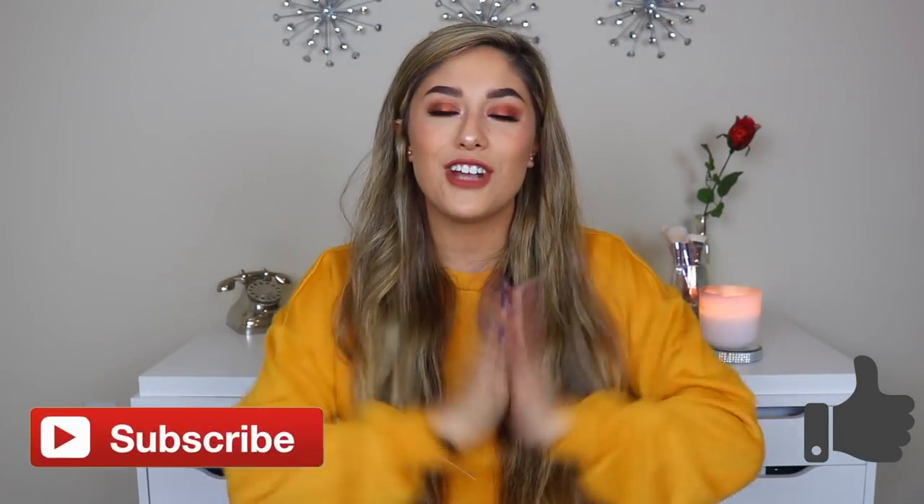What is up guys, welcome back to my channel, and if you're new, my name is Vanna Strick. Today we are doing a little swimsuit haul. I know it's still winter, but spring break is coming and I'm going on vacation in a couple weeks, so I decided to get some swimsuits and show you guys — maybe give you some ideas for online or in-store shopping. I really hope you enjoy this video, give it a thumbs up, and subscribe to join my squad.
==
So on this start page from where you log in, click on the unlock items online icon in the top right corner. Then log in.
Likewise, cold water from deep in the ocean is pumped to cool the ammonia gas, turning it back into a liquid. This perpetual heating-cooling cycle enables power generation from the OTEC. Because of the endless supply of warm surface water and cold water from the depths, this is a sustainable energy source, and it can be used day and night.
--
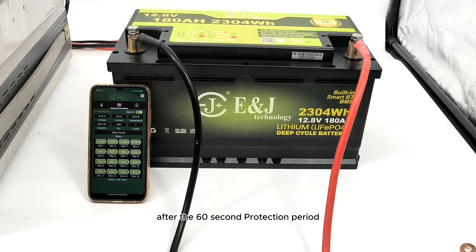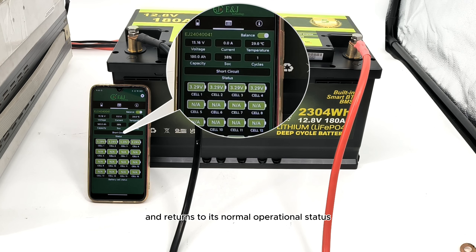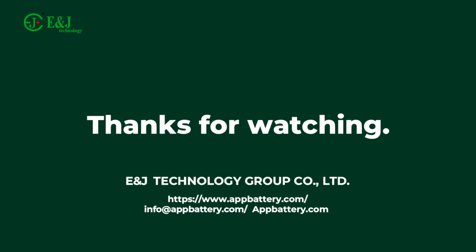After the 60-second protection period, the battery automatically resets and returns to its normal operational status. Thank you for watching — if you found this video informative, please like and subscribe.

▶ [What you are asked to do]: Reproduce exactly the lines above from the line with "So on this start" to the line with "Likewise, cold water", including both, and add nothing.

▶ [Task output]:
So on this start page from where you log in, click on the unlock items online icon in the top right corner. Then log in.
Likewise, cold water from deep in the ocean is pumped to cool the ammonia gas, turning it back into a liquid. This perpetual heating-cooling cycle enables power generation from the OTEC. Because of the endless supply of warm surface water and cold water from the depths, this is a sustainable energy source, and it can be used day and night.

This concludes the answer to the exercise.